→ **GIVEN DATA**

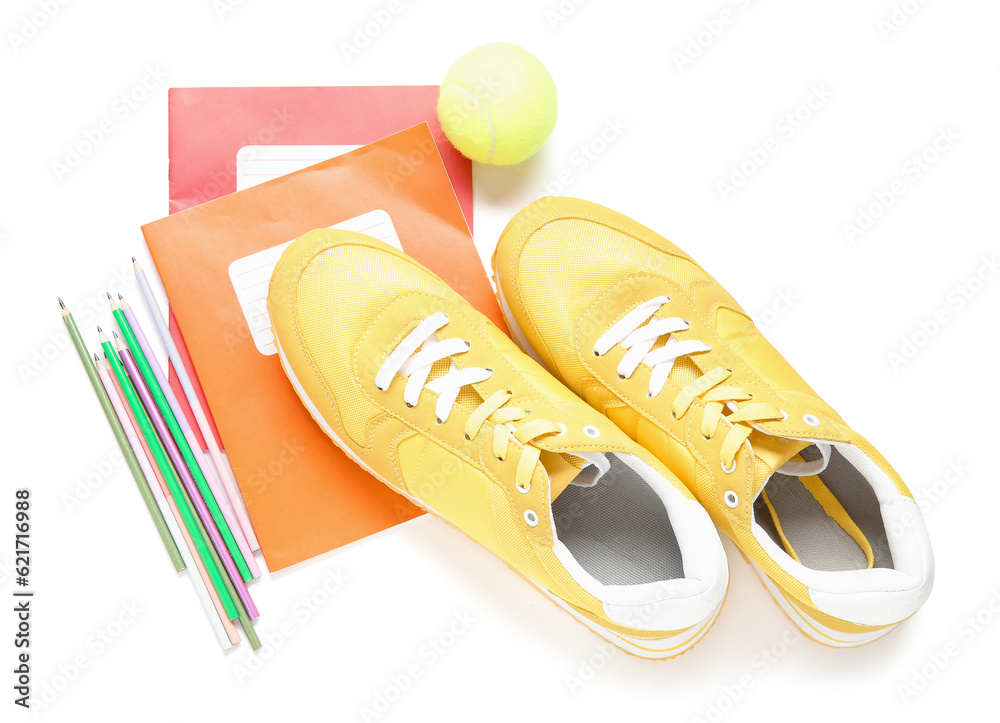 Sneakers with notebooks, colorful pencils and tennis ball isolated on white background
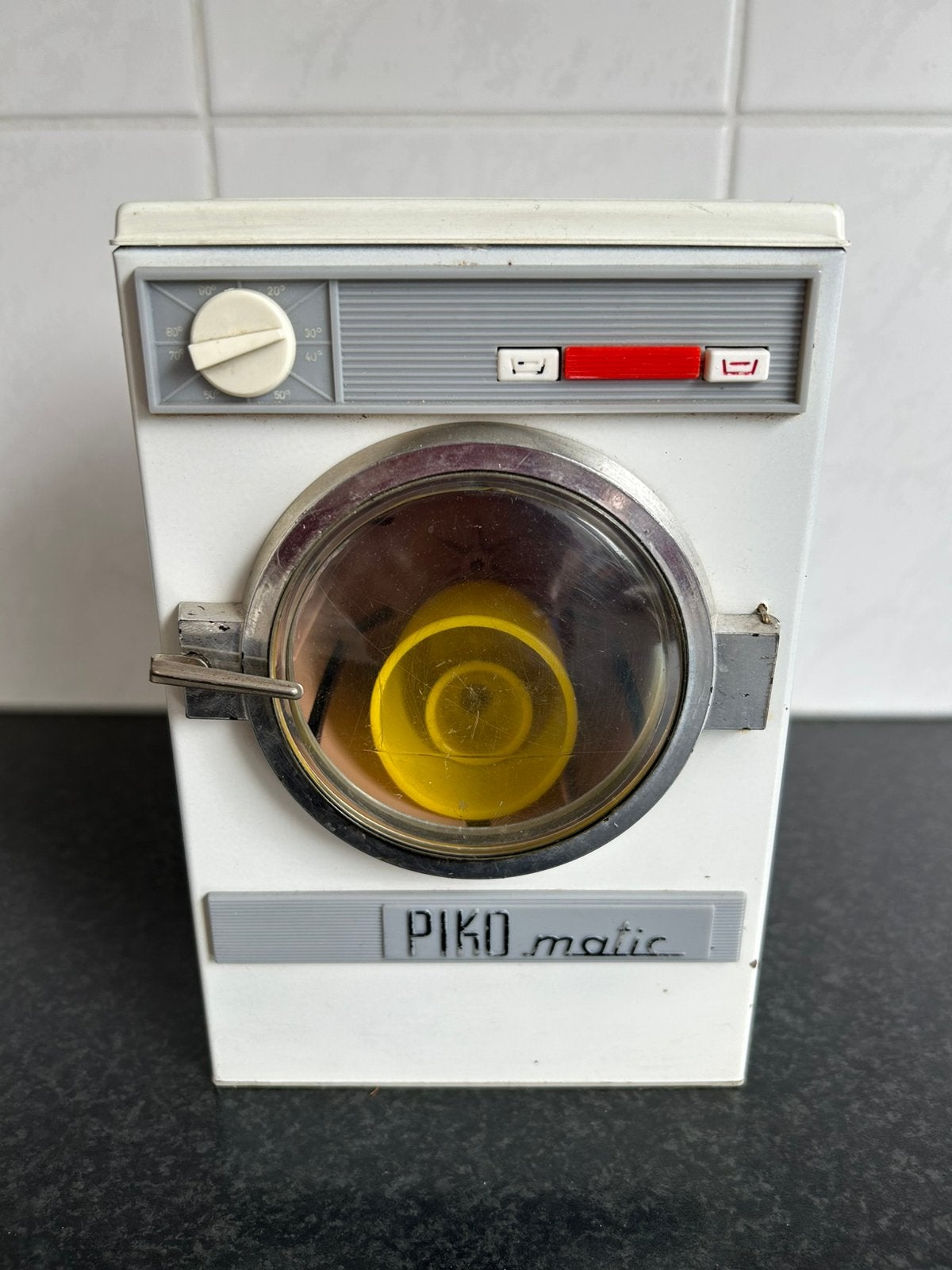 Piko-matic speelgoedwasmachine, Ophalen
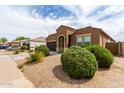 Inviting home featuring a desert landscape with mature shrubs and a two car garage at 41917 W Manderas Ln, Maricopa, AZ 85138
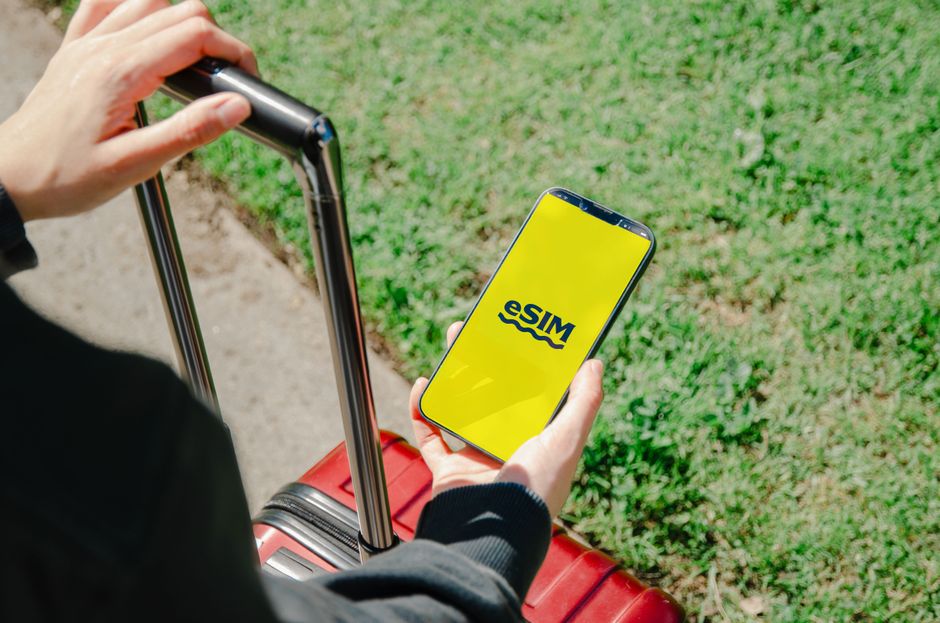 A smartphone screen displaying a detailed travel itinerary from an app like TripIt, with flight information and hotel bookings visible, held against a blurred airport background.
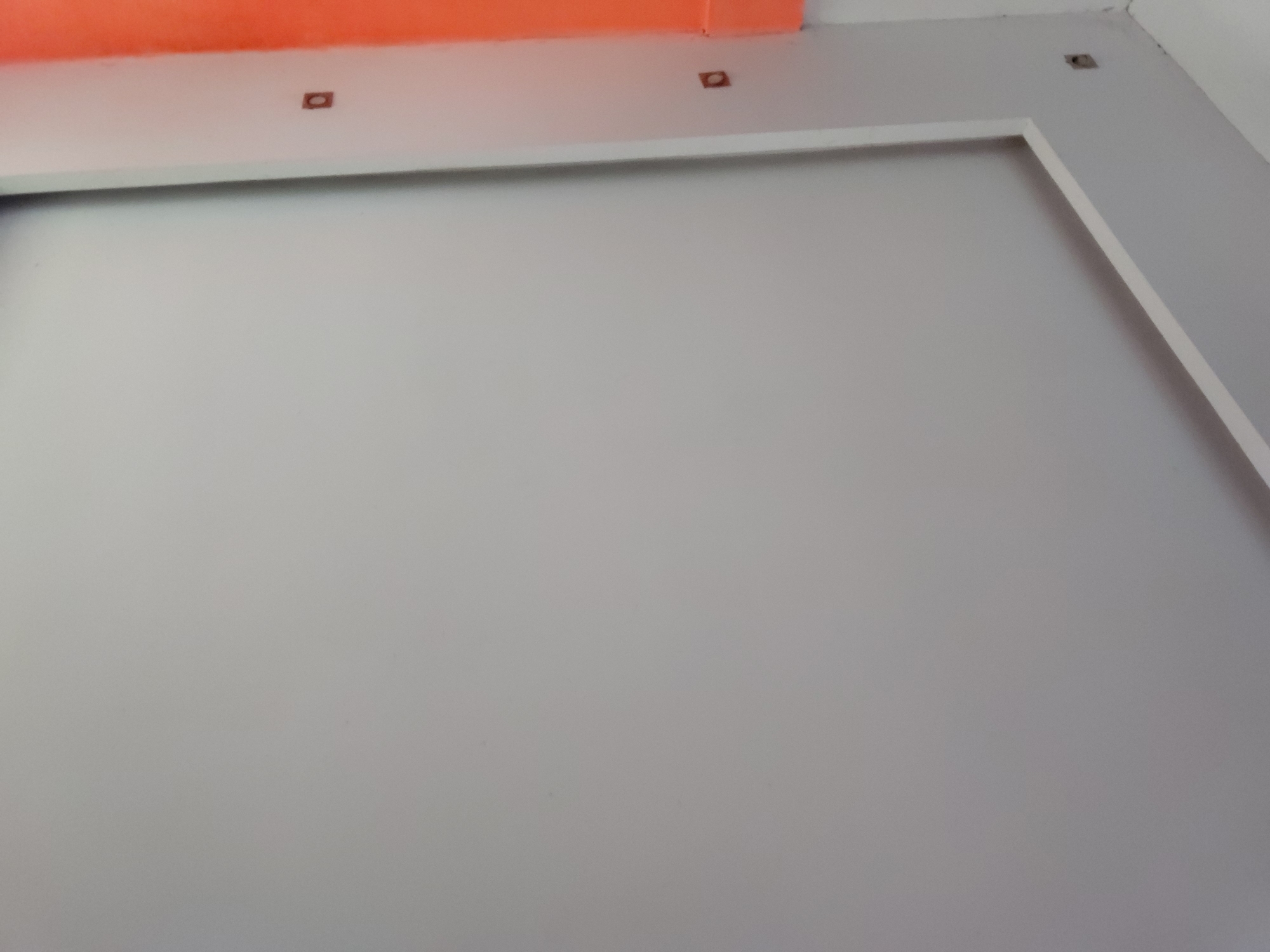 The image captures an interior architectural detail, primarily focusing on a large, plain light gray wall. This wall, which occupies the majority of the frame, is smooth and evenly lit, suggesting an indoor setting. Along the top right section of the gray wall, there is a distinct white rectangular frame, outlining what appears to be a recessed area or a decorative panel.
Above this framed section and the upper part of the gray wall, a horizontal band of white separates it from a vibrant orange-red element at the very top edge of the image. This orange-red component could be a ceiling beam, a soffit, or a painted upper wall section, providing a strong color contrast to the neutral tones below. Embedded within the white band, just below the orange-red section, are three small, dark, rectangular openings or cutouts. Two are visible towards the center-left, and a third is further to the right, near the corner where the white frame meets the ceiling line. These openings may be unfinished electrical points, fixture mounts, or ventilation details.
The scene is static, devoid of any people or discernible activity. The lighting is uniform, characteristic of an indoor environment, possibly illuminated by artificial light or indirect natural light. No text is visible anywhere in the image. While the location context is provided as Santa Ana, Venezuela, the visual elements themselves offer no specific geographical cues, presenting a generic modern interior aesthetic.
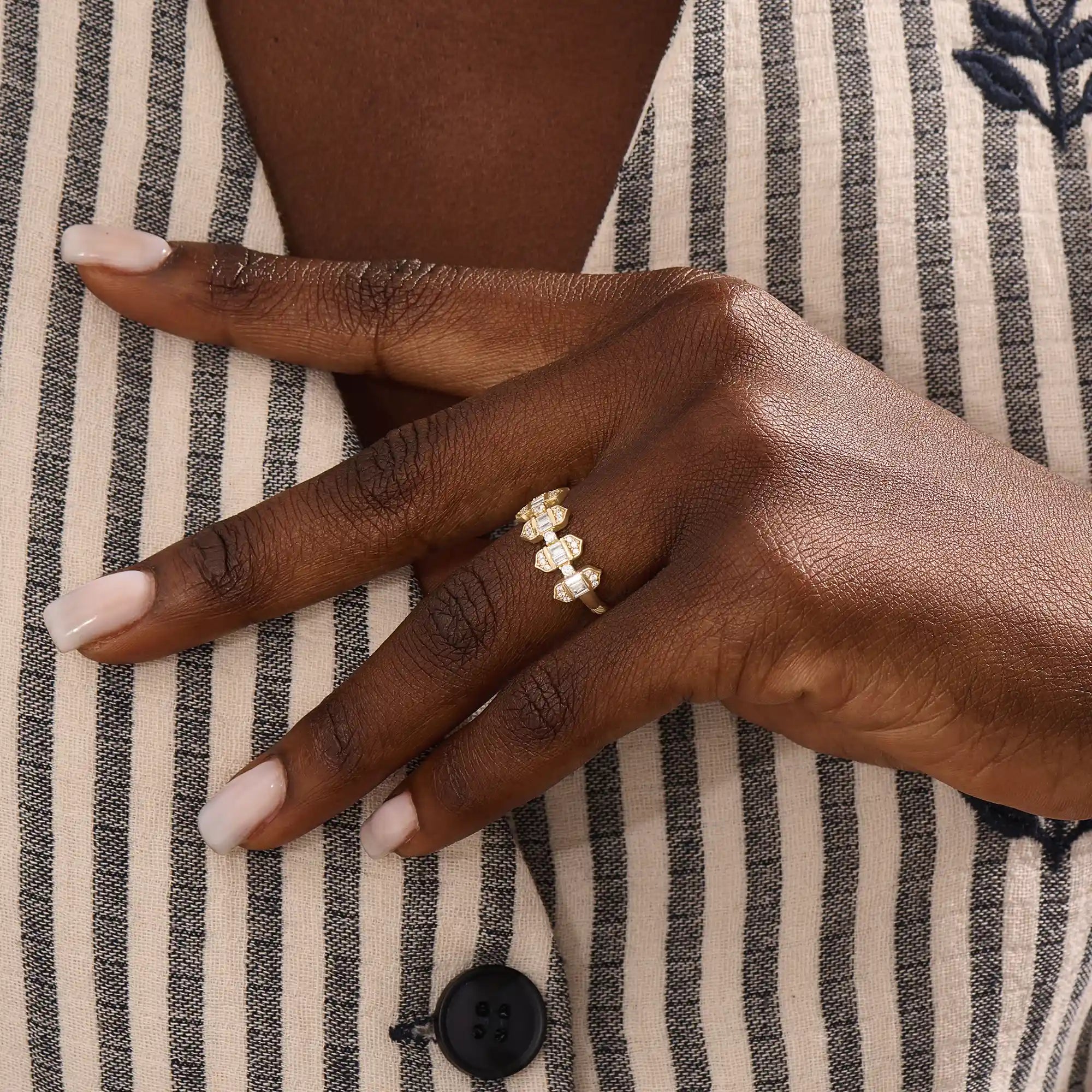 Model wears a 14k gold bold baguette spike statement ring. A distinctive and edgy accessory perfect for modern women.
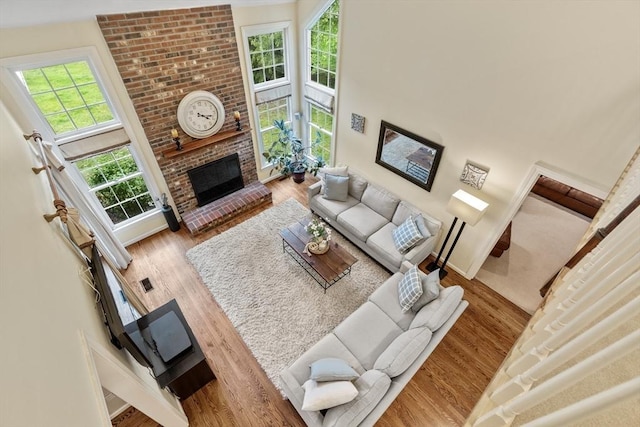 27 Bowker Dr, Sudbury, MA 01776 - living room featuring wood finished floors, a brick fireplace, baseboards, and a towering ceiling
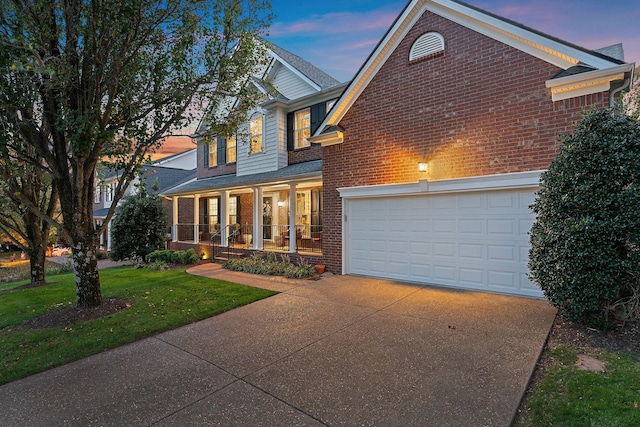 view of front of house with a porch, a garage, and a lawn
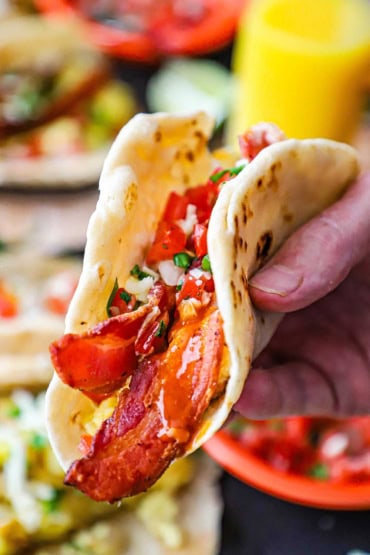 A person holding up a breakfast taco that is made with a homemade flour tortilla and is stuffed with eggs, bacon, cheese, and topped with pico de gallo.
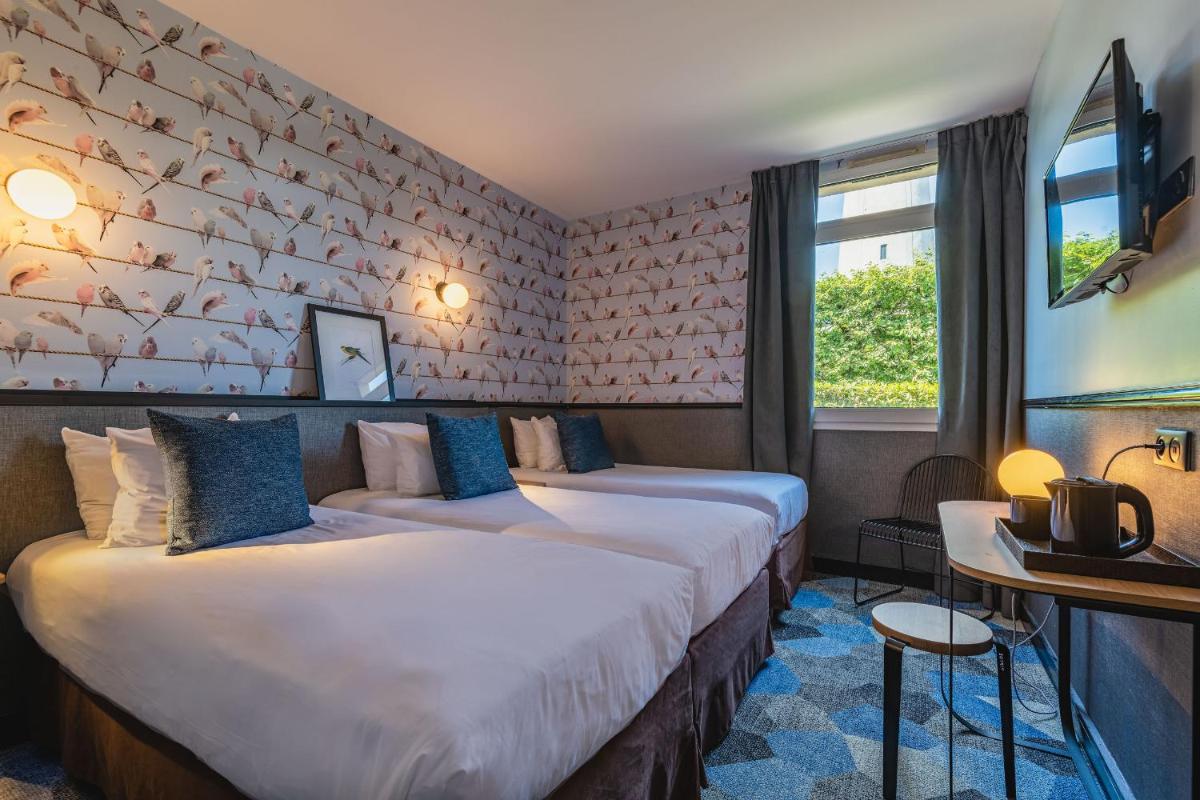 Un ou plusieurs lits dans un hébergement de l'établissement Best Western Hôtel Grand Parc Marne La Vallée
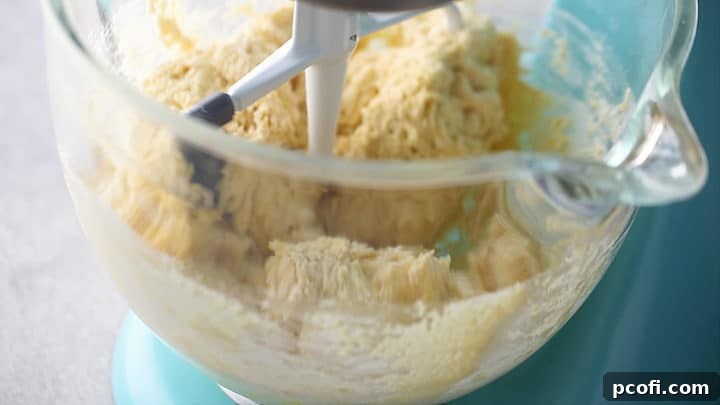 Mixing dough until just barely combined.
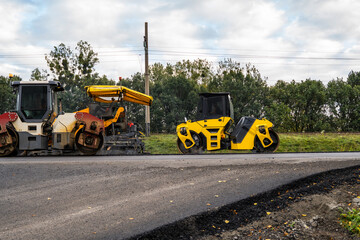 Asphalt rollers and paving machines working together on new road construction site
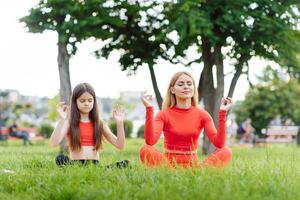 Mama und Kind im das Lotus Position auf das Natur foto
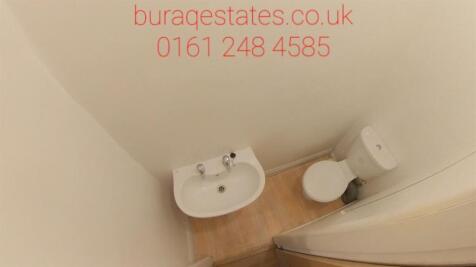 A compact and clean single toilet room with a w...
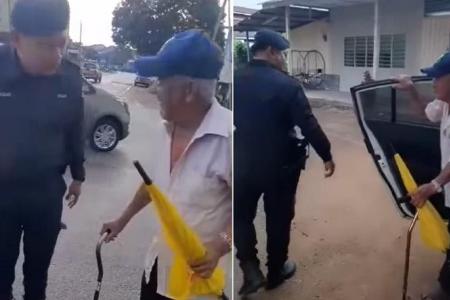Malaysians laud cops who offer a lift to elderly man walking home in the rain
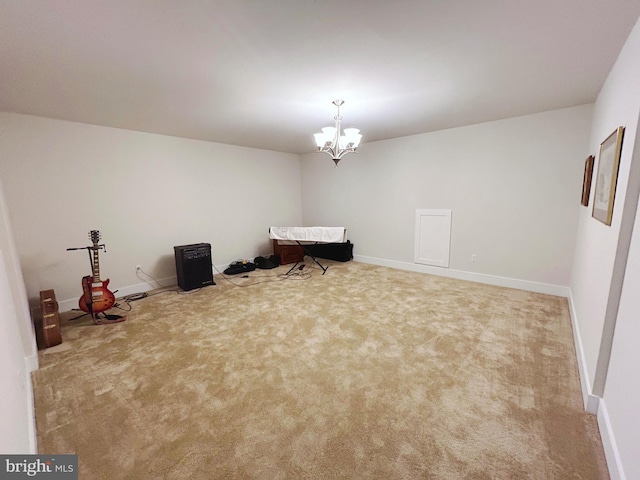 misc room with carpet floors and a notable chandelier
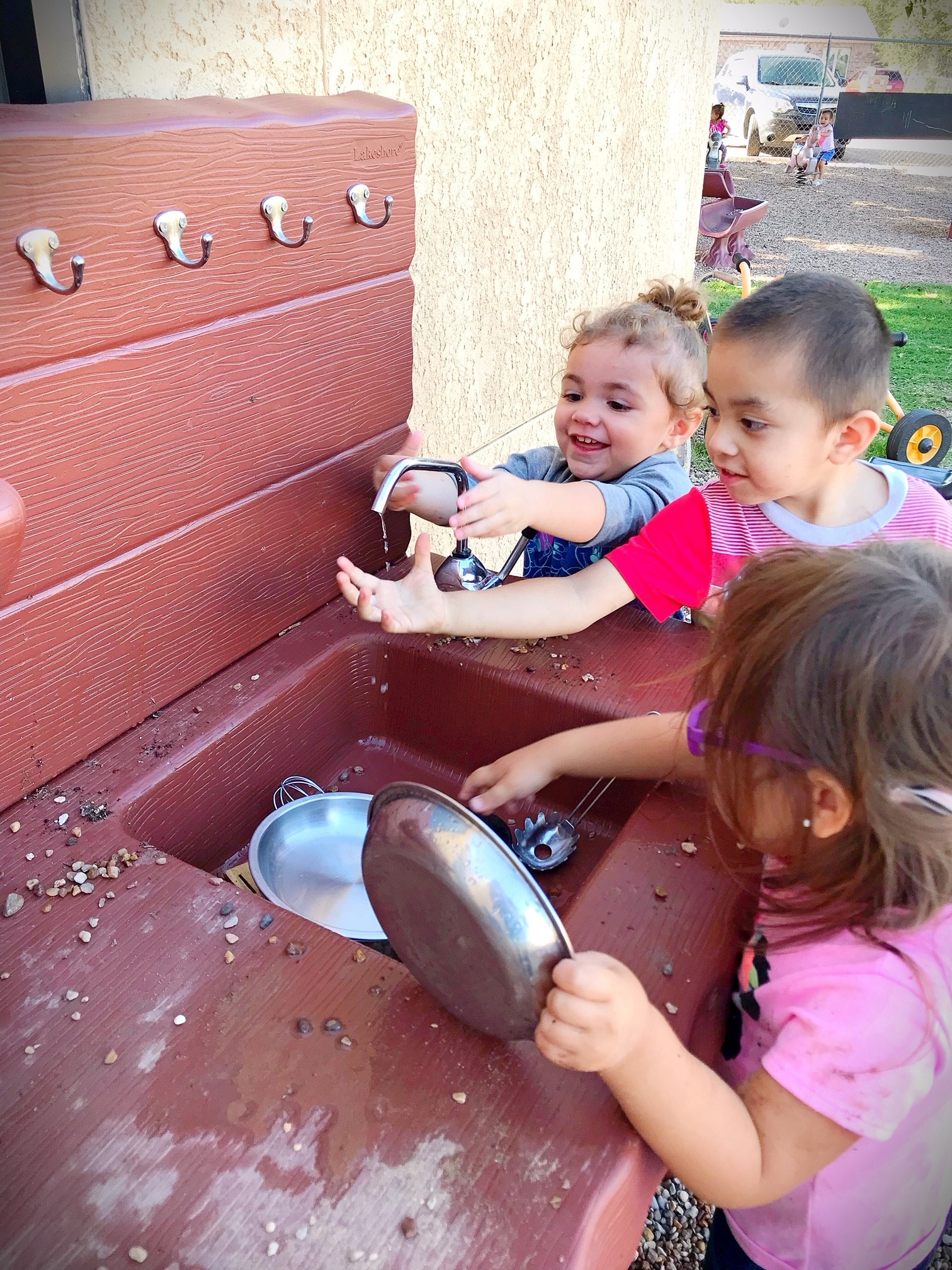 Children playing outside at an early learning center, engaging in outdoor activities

→ **YOUR INSTRUCTIONS**
Without including any picture, reproduce all of the material exactly.

→ **RESULT BELOW**
 Sneakers with notebooks, colorful pencils and tennis ball isolated on white background
 Piko-matic speelgoedwasmachine, Ophalen
 Inviting home featuring a desert landscape with mature shrubs and a two car garage at 41917 W Manderas Ln, Maricopa, AZ 85138
 A smartphone screen displaying a detailed travel itinerary from an app like TripIt, with flight information and hotel bookings visible, held against a blurred airport background.
 The image captures an interior architectural detail, primarily focusing on a large, plain light gray wall. This wall, which occupies the majority of the frame, is smooth and evenly lit, suggesting an indoor setting. Along the top right section of the gray wall, there is a distinct white rectangular frame, outlining what appears to be a recessed area or a decorative panel.
Above this framed section and the upper part of the gray wall, a horizontal band of white separates it from a vibrant orange-red element at the very top edge of the image. This orange-red component could be a ceiling beam, a soffit, or a painted upper wall section, providing a strong color contrast to the neutral tones below. Embedded within the white band, just below the orange-red section, are three small, dark, rectangular openings or cutouts. Two are visible towards the center-left, and a third is further to the right, near the corner where the white frame meets the ceiling line. These openings may be unfinished electrical points, fixture mounts, or ventilation details.
The scene is static, devoid of any people or discernible activity. The lighting is uniform, characteristic of an indoor environment, possibly illuminated by artificial light or indirect natural light. No text is visible anywhere in the image. While the location context is provided as Santa Ana, Venezuela, the visual elements themselves offer no specific geographical cues, presenting a generic modern interior aesthetic.
 Model wears a 14k gold bold baguette spike statement ring. A distinctive and edgy accessory perfect for modern women.
 27 Bowker Dr, Sudbury, MA 01776 - living room featuring wood finished floors, a brick fireplace, baseboards, and a towering ceiling
 view of front of house with a porch, a garage, and a lawn
 A person holding up a breakfast taco that is made with a homemade flour tortilla and is stuffed with eggs, bacon, cheese, and topped with pico de gallo.
 Un ou plusieurs lits dans un hébergement de l'établissement Best Western Hôtel Grand Parc Marne La Vallée
 Mixing dough until just barely combined.
 Asphalt rollers and paving machines working together on new road construction site
 Mama und Kind im das Lotus Position auf das Natur foto
 A compact and clean single toilet room with a w...
Malaysians laud cops who offer a lift to elderly man walking home in the rain
 misc room with carpet floors and a notable chandelier
 Children playing outside at an early learning center, engaging in outdoor activities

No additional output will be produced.